Task description> Look through the listing below for the line containing "Here we are". Copy it and each line after it up to and including the line containing "Elements are automatically", exactly, leaving out pictures.

Dataset>

========

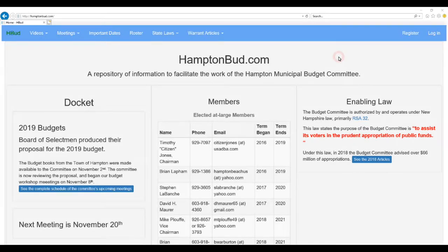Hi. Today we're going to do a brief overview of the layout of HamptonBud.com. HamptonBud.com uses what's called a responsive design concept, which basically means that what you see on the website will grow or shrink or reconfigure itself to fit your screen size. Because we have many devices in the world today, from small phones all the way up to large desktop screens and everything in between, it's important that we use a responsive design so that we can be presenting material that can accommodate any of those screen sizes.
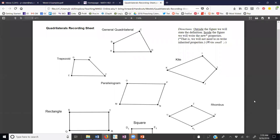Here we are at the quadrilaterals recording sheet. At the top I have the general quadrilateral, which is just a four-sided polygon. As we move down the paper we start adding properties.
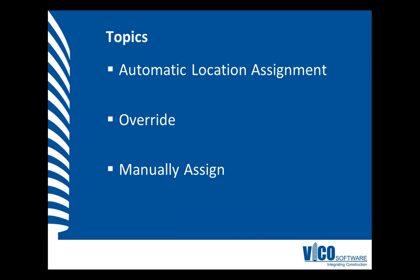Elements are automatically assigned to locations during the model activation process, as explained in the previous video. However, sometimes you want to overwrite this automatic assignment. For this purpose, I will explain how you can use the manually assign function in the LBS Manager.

========

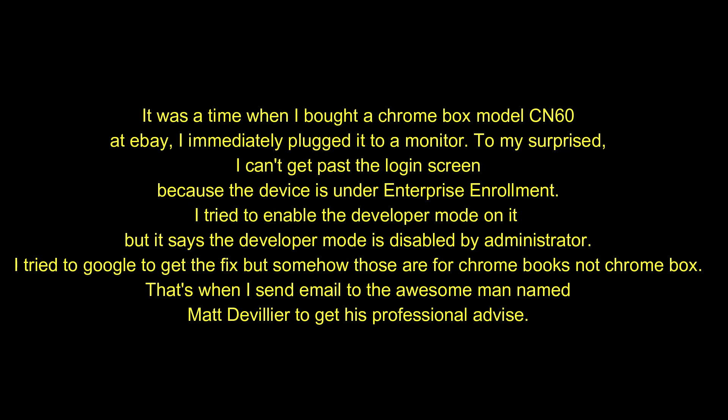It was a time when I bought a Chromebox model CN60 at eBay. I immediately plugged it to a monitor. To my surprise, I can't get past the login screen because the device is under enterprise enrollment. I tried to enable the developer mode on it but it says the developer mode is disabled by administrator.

========

Exercise answer>
Here we are at the quadrilaterals recording sheet. At the top I have the general quadrilateral, which is just a four-sided polygon. As we move down the paper we start adding properties.
Elements are automatically assigned to locations during the model activation process, as explained in the previous video. However, sometimes you want to overwrite this automatic assignment. For this purpose, I will explain how you can use the manually assign function in the LBS Manager.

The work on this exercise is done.